This lack of change is nowhere more apparent than in Supreme Court rulings that addressed federalism against the backdrop of the laissez-faire, pro-business Gilded Age. In United States v. E.C. Knight Co. (1895), the Supreme Court continued along the path of promoting dual federalism in striking down a provision of the Sherman Antitrust Act. In an 8–1 decision, the Court ruled that Congress lacked the authority under the Commerce Clause to regulate monopolies by adopting a limited interpretation of interstate commerce, a win for states' rights. In 1918, a 5–4 majority ruled similarly in Hammer v. Dagenhart, a challenge against the constitutionality of the Federal Child Labor Act of 1915. However, by 1941, this ruling was reversed in United States v. Darby Lumber Company. The Court delivered another victory for dual federalism in Coyle v. Smith (1911), where Oklahoma's effort to relocate their capital to Oklahoma City was halted. The state agreed to keep the capital in Guthrie until at least 1913 as part of the terms of their Enabling Act of 1906, which outlined the conditions for Oklahoma's acceptance into the Union as a state. These cases illustrate the Supreme Court's consistent willingness to rule in favor of states' rights until National Labor Relations Board v. Jones & Laughlin Steel Corporation (1937), which ushered in a new era of cooperative federalism for the courts.

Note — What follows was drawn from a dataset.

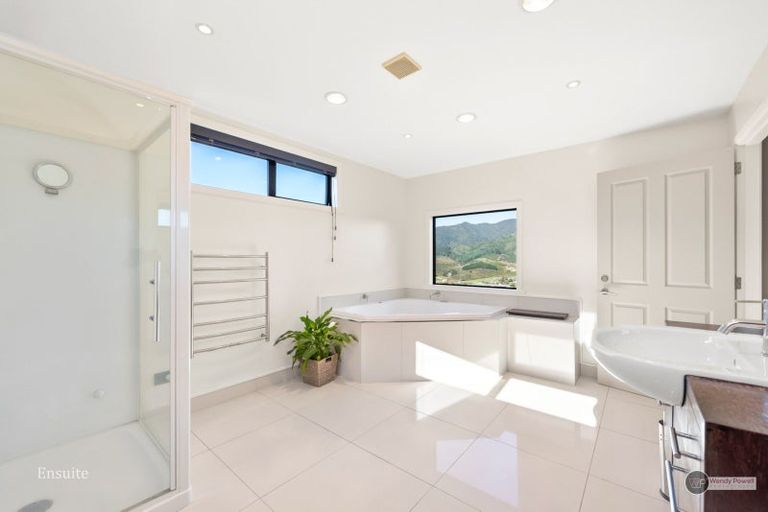 Photo of property in 67 Mount Marua Way, Timberlea, Upper Hutt, 5018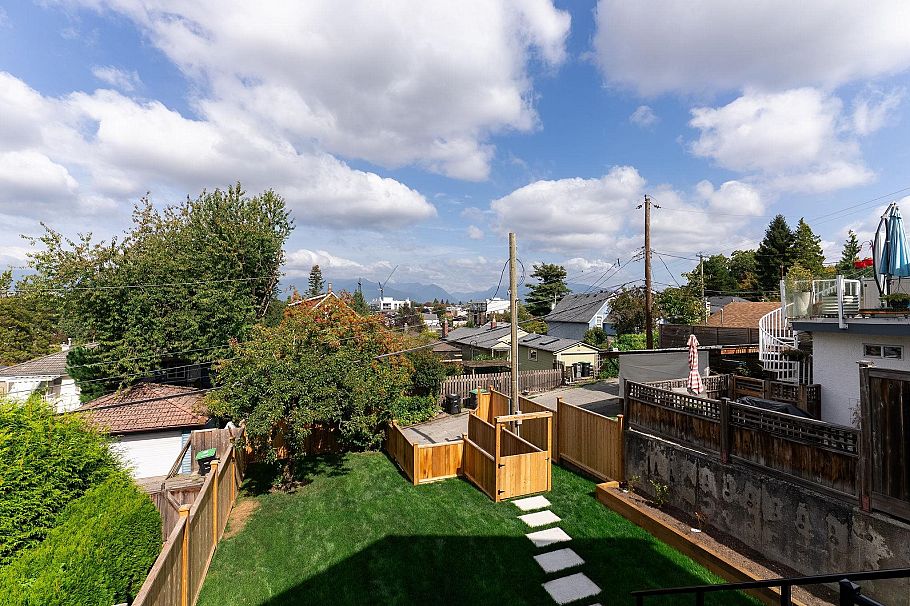 635 E 22nd Avenue Vancouver, BC - 32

Despite the Supreme Court's stubbornness on guarding states' rights, much of the modern federal apparatus owes its origins to changes that occurred during the period between 1861 and 1933. While banks had long been incorporated and regulated by the states, the National Bank Acts of 1863 and 1864 saw Congress establish a network of national banks that had their reserve requirements set by officials in Washington. During World War I, a system of federal banks devoted to aiding farmers was established, and a network of federal banks designed to promote homeownership came into existence in the last year of Herbert Hoover's administration. Congress used its power over interstate commerce to regulate the rates of interstate (and eventually intrastate) railroads and even regulated their stock issues and labor relations, going so far as to enact a law regulating pay rates for railroad workers on the eve of World War I. During the 1920s, Congress enacted laws bestowing collective bargaining rights on employees of interstate railroads. Congress also used the commerce power to enact morals legislation, such as the Mann Act of 1907 barring the transfer of women across state lines for immoral purposes, even as the commerce power remained limited to interstate transportation—it did not extend to what were viewed as intrastate activities such as manufacturing and mining.

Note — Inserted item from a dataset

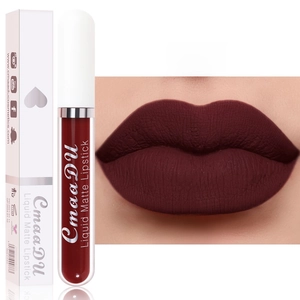 Détail du rouge à lèvres montrant la teinte 18 brun rouge mat et la texture avec l'emballage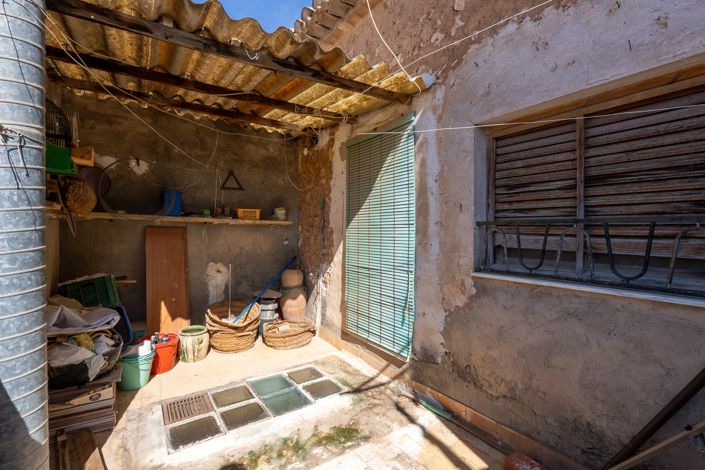 Image No.30-5 Bed Townhouse for sale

As early as 1913, there was talk of regulating stock exchanges, and the Capital Issues Committee formed to control access to credit during World War I recommended federal regulation of all stock issues and exchanges shortly before it ceased operating in 1921. With the Morrill Land-Grant Acts Congress used land sale revenues to make grants to the states for colleges during the Civil War on the theory that land sale revenues could be devoted to subjects beyond those listed in Article I, Section 8 of the Constitution. On several occasions during the 1880s, one house of Congress or the other passed bills providing land sale revenues to the states for the purpose of aiding primary schools. During the first years of the twentieth century, the endeavors funded with federal grants multiplied, and Congress began using general revenues to fund them—thus utilizing the general welfare clause's broad spending power, even though it had been discredited for almost a century (Hamilton's view that a broad spending power could be derived from the clause had been all but abandoned by 1840).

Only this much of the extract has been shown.